◆ TRY IT: All of the records below should be retyped exactly, with no pictures included.

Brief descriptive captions
• • • •

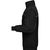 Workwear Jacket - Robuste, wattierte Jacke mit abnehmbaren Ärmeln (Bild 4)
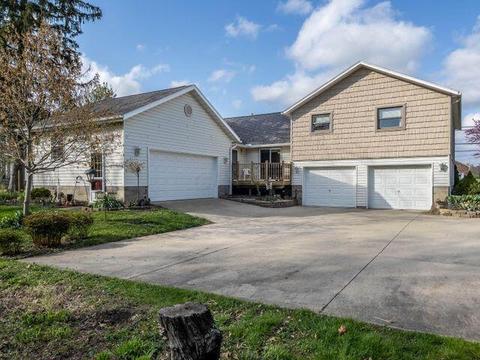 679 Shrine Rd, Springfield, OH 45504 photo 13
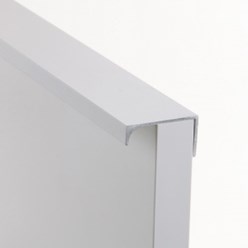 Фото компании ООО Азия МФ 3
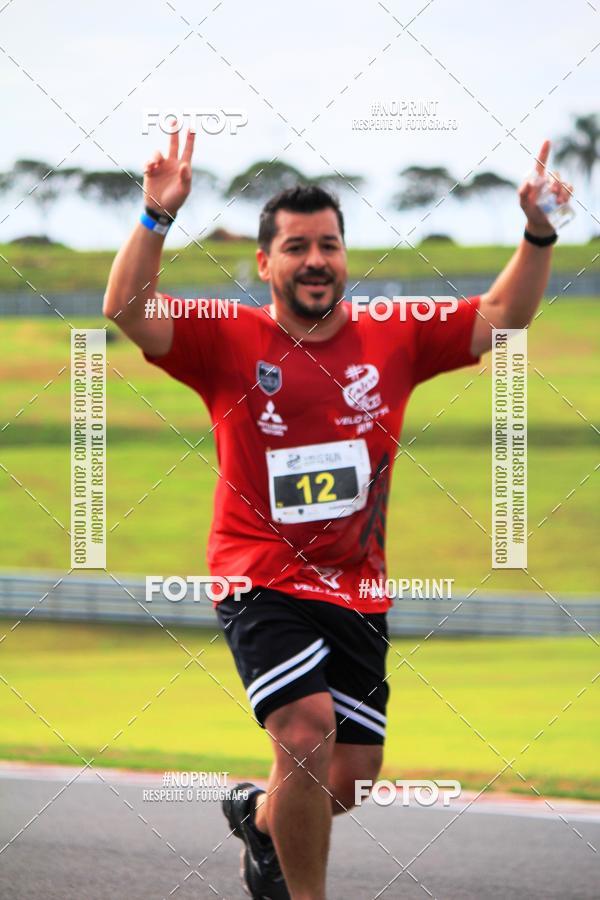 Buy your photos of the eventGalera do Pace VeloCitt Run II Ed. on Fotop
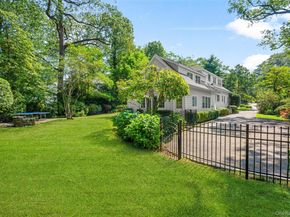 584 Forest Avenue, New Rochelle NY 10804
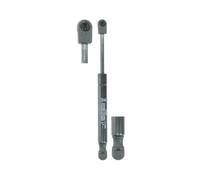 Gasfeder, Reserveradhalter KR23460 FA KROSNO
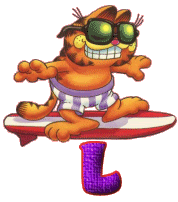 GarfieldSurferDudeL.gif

• • • •

◆ TASK RESPONSE:
 Workwear Jacket - Robuste, wattierte Jacke mit abnehmbaren Ärmeln (Bild 4)
 679 Shrine Rd, Springfield, OH 45504 photo 13
 Фото компании ООО Азия МФ 3
 Buy your photos of the eventGalera do Pace VeloCitt Run II Ed. on Fotop
 584 Forest Avenue, New Rochelle NY 10804
 Gasfeder, Reserveradhalter KR23460 FA KROSNO
 GarfieldSurferDudeL.gif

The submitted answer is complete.